Gulf Marine Services – latest Trading Statement sees brokers Target is four times the current price
Higher utilisation levels and growing order books have combined to give this group confidence that 2023 will help to mitigate any external pressures, while seeing the group strengthen its prospects.
The £47m capitalised Gulf Marine Services (LON:GMS) is a world-leading provider of advanced self‐propelled self‐elevating support vessels (SESVs).
The group’s fleet of 13 vessels serves the oil, gas and renewable energy industries from its offices in the United Arab Emirates, Saudi Arabia and Qatar.
The SESVs are used in a broad range of offshore oil and gas platform refurbishment and maintenance activities, well intervention work and offshore wind turbine maintenance work, as well as in offshore oil and gas platform installation and decommissioning and offshore wind turbine installation.
The group has given higher guidance for the current year to end December 2023 for its EBITDA to range between $75m to $83m – which is quite positive.
Executive Chairman Mansour Al Alami stated that:
“Our markets continue to show signs of strength.

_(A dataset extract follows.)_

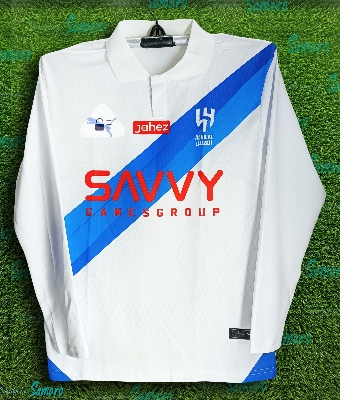 Picture of Al Hilal Jersey - Full Sleeve Collar al-hilal Jersey for Man - Football Jersey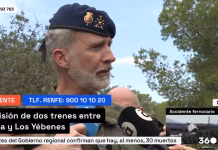 Felipe VI comparece ante los medios tras el grave accidente ferroviario de Toledo: “Transmitir a las familias nuestro pésame, nuestra tristeza, nuestro apoyo”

Vessel utilisation and day rates are continuing to remain resilient amid high demand for our vessels.
As we progress in to 2023, we aim to mitigate the impact of external pressures, including continued high inflation and higher worldwide interest rates, on our margins and maintain our focus on deleveraging and delivering on operational efficiencies.”
Analyst Opinion – Target Price of 20p a share
Daniel Slater at Arden Partners has a Buy rating out on the group’s shares, with a Target Price of 20p, over four times the current market price of just 4.6p.
His estimates for the year to end December 2022 are for sales of $128.1m ($115.1m) while adjusted pre-tax profits could rise to $25.2m ($20.7m), giving earnings of 1.9c (2.7c) per share.
After this Trading Statement the group has given guidance from which Slater assesses $139.9m sales in the current year, lifting profits up to $29.1m and generating 2.2c in earnings per share.
Conclusion – these shares could easily double
With an order backlog of $369m the demand for the group’s vessels has continued, while improvements in operating efficiencies and strengthening markets will certainly boost the bottom line.
The group’s shares were up to almost 8.7p each ten months ago, they could so easily return to trade at those levels.
Currently trading at only 4.6p each, these shares have the ability to more than double in the next year.